The Painted Drum - Louise Erdrich [27]
Returning to the room where Krahe is waiting, I pause in the doorway. I have taken another route back to the table and Kurt is staring at the place where he thinks I will appear. It seems a bit underhanded to watch him as he watches for me, but I do anyway. He is not talking on his cell phone, which actually gets a signal high on this hill. He is not even looking at the woman at the next table, who is beautiful. He’s not drinking wine or fiddling with his napkin. He is just waiting. Waiting for me. And the way he is sitting there, unaware and waiting for me, strikes me. Perhaps this is the last moment in my life I will be truly appreciated by a man. I stand there and take it in.
When finally he rises, anxious, I propel myself into the room. He doesn’t say “Where were you?” and I don’t make an excuse. We sit down slowly at either side of the table and proceed to order and then eat our food—everything is either tasteless or too rich. We speak about small things with calm detachment. I marvel at this. You would not think we ever slept together. You would not think he pulled my hair until tears filled my eyes or that I bit him so hard I drew blood. You would not think that sometimes we have gone so far into sex that we could not get out, that sex kept driving us, hurting us. You would not think we have looked into each other’s eyes, boundlessly at peace, or that we’d ever lain naked in the raining woods and laughed ourselves sick. I know he is on the brink of asking what is this the way people do, but I will not allow him to speak. So we talk about the rocks, the ravens, the trees, and all of the little things that happen on our road.
I’m home before eleven, like a good teen on a demure date. The light is on in the first-floor living room, where Elsie likes to sit and listen to music. She has Satie on. The master of punctuation. When I walk into the room she stiffens in her chair, casts her gaze upon me, and says, in that parental voice even grown children dread to hear, “Sit down, we have something to talk about.”

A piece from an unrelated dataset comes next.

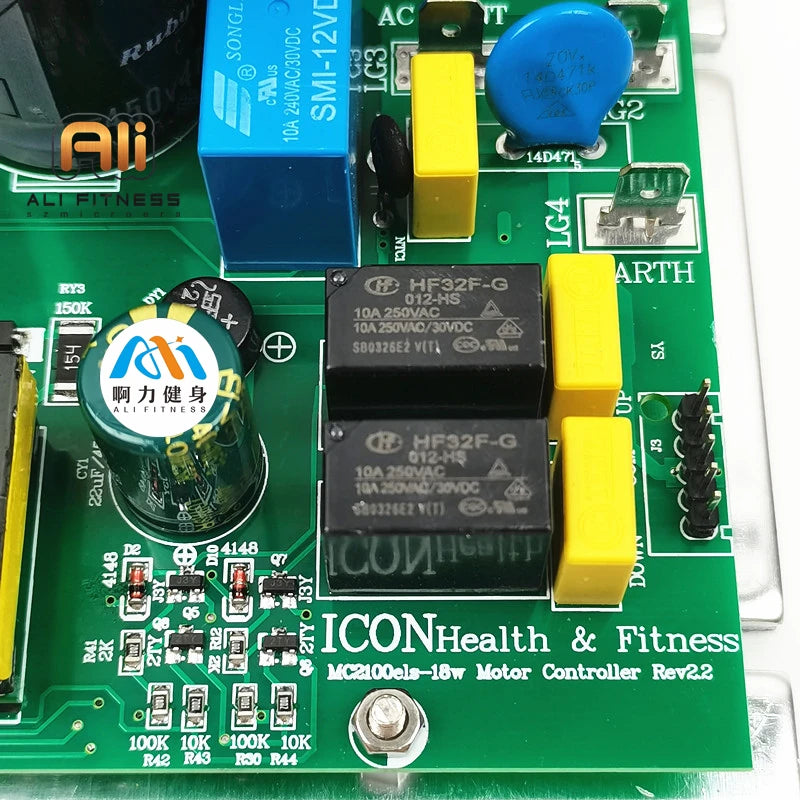 Replacement ICON PROFORM Nordic Track Treadmill Motor Controller MC2100ELS 18W 2y zy Control Board Circuit Board Motherboard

“Can it wait?” It must be that she has seen the drum, and although I know it is inevitable, I really don’t want to talk about it tonight.

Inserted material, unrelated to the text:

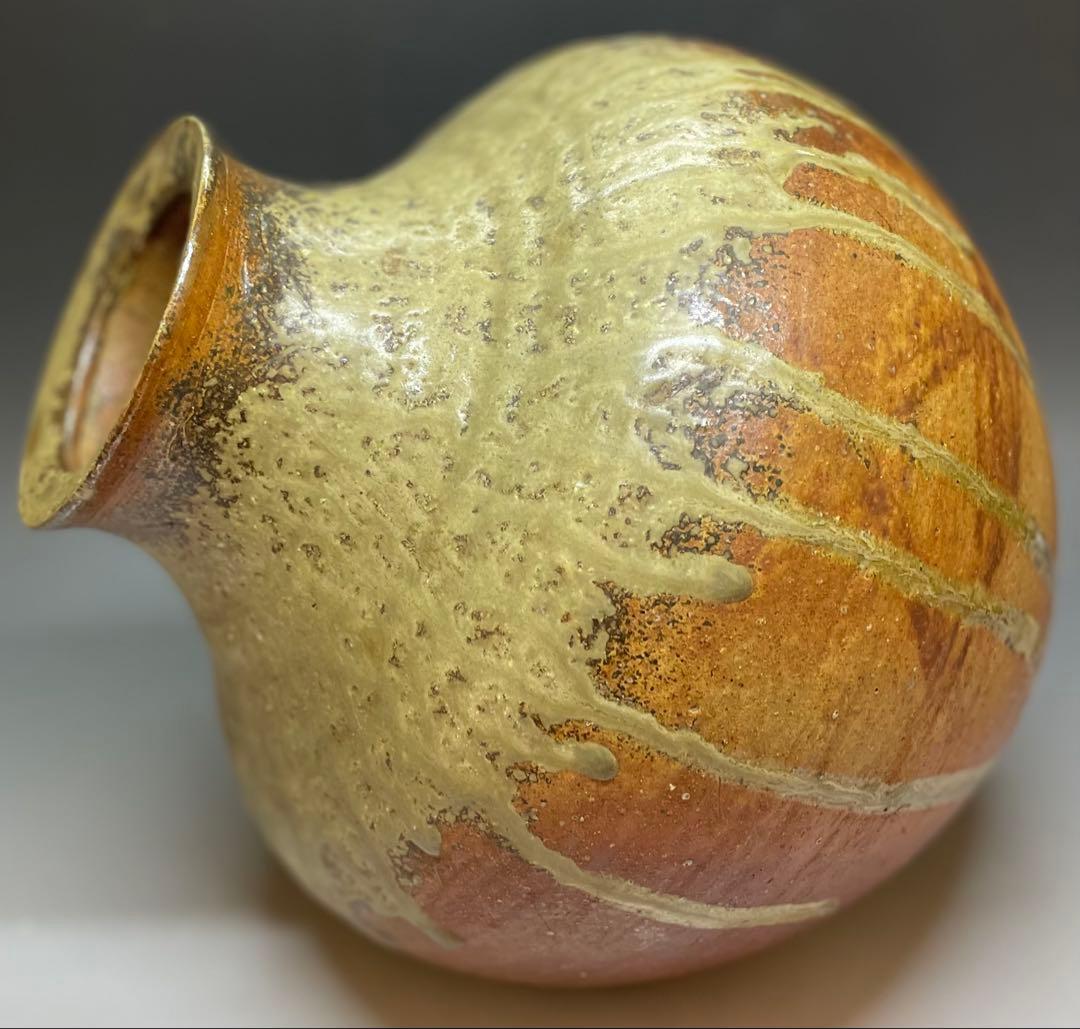 信楽焼　古信楽　壺　在銘　作家作品　b9597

Elsie stares at me, trying not to blink. The music has become the backdrop to a suspense movie. All jagged exclamation points. I turn it off and sit down across from her. She is wearing an old pink chenille bathrobe and elegant turquoise earrings.
“You left these in.” I tap my earlobes.
“On purpose,” she says.
“Oh?”
She pauses in an ominous way before she speaks. “Years ago, I nearly stole these earrings from a client.”
I turn away and busy myself examining the folds and stitches of one of her more complex afghans. She continues.
“I was very tempted. I happened to have recognized the earrings from a little-known Curtis photograph. It wasn’t that the earrings are so valuable, but that they’d lain close to the girl’s neck, the subject, and if I had them it seemed, I felt, as though I was part of his work too.”
“I took the drum for similar reasons.”
“Oh, no doubt.” Her voice is dry. After an empty pause, she prompts, “When are you planning to return it?”
“I’m not.”
She throws her hands up, lets them fall to her knees and hang down, limp rags of dismay.
“It would look odd if I just brought it back now. No one knows it’s missing.”
“Nonsense. You could say you had it repaired.”